Earlier, the committee heard that an estimated 397 000 valid land claims might be lodged when the Restitution of Land Rights Amendment Bill, which aims to extend the cut-off date for lodging a claim for restitution, is enacted.

Chief land claims commissioner Nomfundo Gobodo told MPs: “It may cost R129 billion to R179bn to settle these claims, if settled within a 15-year period.”

This is equivalent to between R8.6bn and R11.9bn a year.

The amendment bill, once it has been passed into law, will re-open the land claims process for a five-year period, to end on December 31, 2018. The first claims window closed in 1998.

Democratic Alliance MP Kevin Mileham wanted to know where the money would come from for the new claims.

“I'd like to hear... where we are going to find an additional between R8.6bn and R11.9bn per annum over the medium to long-term (15 years). Where are we going to find the money to settle land claims?”

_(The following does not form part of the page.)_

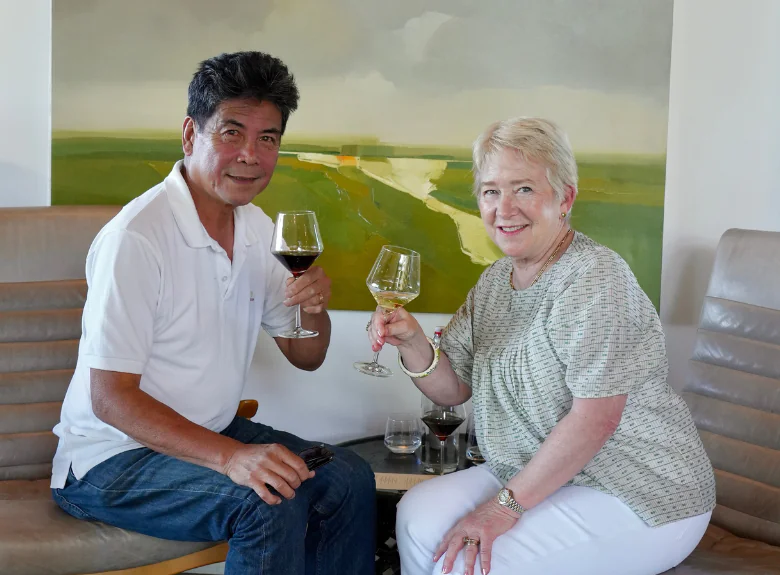 Couple raising wine glasses at a table in the MacRostie Estate House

His party colleague, Mpowele Swathe, raised similar concerns, and queried whether people's hopes were being raised ahead of the May 7 election.

Nkwinti denied the re-opening of land claims was an election promise.

“The re-opening of land claims is not an election promise. Land is at the heart of the national liberation struggle of our country.

“We are talking about a national grievance when we talk about land restoration to its own people. This is a national grievance... We are not playing games here. South Africans, until this question is settled fundamentally, your children will never be free.”

He called on MPs not to treat the matter lightly.

According to a document tabled by Gobodo at the briefing, in June last year there were 8733 outstanding land claims from the first (up to 1998) window period. Well over half of these are in Mpumalanga and KwaZulu-Natal.

Nkwinti said outstanding claims would be processed alongside new claims.

“We will simultaneously process the old and the new (claims). We will do that simultaneously. We won't wait until 2017, or to 2019, to process the new claims.

“We will do (them) simultaneously, but we will prioritise the 1998 claims for payment. We will pay any claim that is ready for payment, irrespective of when it was lodged,” he said.